Monday, May 13, 2019

Finding Your Worth

•Finding Your Worth•

I recently had an interaction with a stranger who asked me, “What do you do?” I know that phrase usually implies that you describe your job or how you spend your days. I felt like my full answer was complicated and too time consuming for the situation I was in, so I simply said that I was a stay-at-home mom. Now, don’t stop reading if you work outside the home or don’t have kids. This isn’t a discussion of work-from-home vs. work-outside-the-home. Aren’t we all a little tired of that discussion by now?

When I answered with that, I received a look of disgust, and the woman immediately walked away. For all I know, she could have instantly had a stomachache come over her and the need to flee to the bathroom, but I’m pretty sure that wasn’t the case. Her look and immediate departure translated to me that it wasn’t worth her time to talk to me. I wasn’t worth getting to know.
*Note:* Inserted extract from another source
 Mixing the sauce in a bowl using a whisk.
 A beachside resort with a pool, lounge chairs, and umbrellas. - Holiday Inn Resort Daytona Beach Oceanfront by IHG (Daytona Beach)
Don’t worry; I’m not about to have a pity party— quite the opposite.

There was a time where I defined myself by “what I did” and the career I had. I had a job I loved, and I loved talking about it. I found pride in it. I felt accomplished, fortunate, and talented. I later had my own business, and it gave me happiness and, again, pride.

Then I decided at 8 months pregnant to walk away from it and to be a stay-at-home mother. It’s another post for another day why I made that decision for our family (with no pressure but full support and a bit of surprise from my husband). Walking away from a career and a business meant I lost those things that had once defined me.

Now, I know mothers who are defined by their children. Their children are their lives. The children come before everything else, and the children are where they find their pride and identity and worth.

Here’s the thing: everything can be lost. You can lose a job. You can lose a career. The world changes. You can change. You can lose your passion and interests. You can lose physical and mental abilities. You can lose a child, and while a child is a life of worth, they are not where you find your worth. If you find your worth based on something that can be lost, then that means you’re holding on to something that is fleeting and, well, worthless.

I bring this up to encourage you not to look down on those who don’t have what you see as a valuable career. Don’t look down on the mother who stays home. Don’t look down on the mother who works outside the home. Don’t look down on the person who doesn’t have children. Most importantly, find your worth in something that isn’t fleeting, something that can’t be lost. I find my worth in knowing I’m a child of God. I will never lose Him, because He is constant and is holding on to me. He will never let go of me, even when everything else in this world would drop me in an instant. My worth is found in Jesus and in who He is. I know all too well that you can lose your physical abilities and you can walk away from jobs and careers and businesses. And though I pray it never happens, I know you can lose a child. But through all that, I cannot lose my worth in Christ. What a relief! Now, maybe that’s how I should have answered that woman’s question.